Chapitre 1

7K 418 57
                                    

Je me réveille en sursaut et trempée de sueur. A côté de moi, Kelly remue avant de se tourner.

Elle se redresse en position assise et me frotte tendrement le dos.

- Encore ce foutu cauchemar ? me demande-t-elle.

Ayant la gorge trop sèche pour répondre de vive voix, je me contente de hocher la tête. Ce n'est pas vraiment un cauchemar, c'est plutôt un souvenir.
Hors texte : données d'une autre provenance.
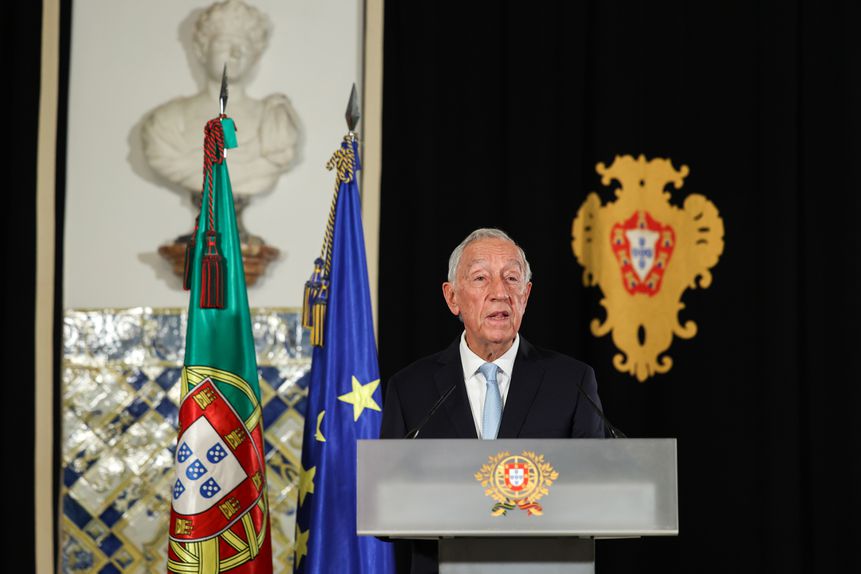 Marcelo Rebelo de Sousa (MANUEL DE ALMEIDA/LUSA)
La réminiscence de la pire période de ma vie. C'était il y a cinq ans et pourtant j'ai l'impression que ça s'est passé hier. Je me lève en dépit de mes jambes flageolantes. Il faut que je boive. Et que je me rafraîchisse, j'ai la sensation d'être complètement asséchée. Je descends l'escalier en colimaçon pour rejoindre la cuisine, à l'autre bout de ma maison. Je me sers un grand verre d'eau et me tourne vers la grande baie vitrée juste à côté. Ma maison de cent cinquante mètres carrés est en plein travaux. En effet, j'ai décidé de la faire agrandir un peu en y faisant construire une véranda. Hélas, l'entreprise qui devait s'en charger m'a planté la semaine dernière, je me retrouve donc avec une véranda à peine commencé, seulement soutenues par des étais et le sol jonché par des bâches transparentes. Je n'ai encore trouvé personne depuis pour continuer la rénovation. Je m'en serais bien occupée mais je ne suis pas du tout bricoleuse. Je suis avocate, pas maçon. Et ça m'agace au plus haut point de voir ma demeure dans cet état. Des bras m'enlaçant la taille me tirent de mes pensées. Kelly me dépose un doux baiser dans le cou.

- Tu me manques, Lana, me dit-elle. Depuis trois jours, je ne te reconnais plus, tu as l'air absente.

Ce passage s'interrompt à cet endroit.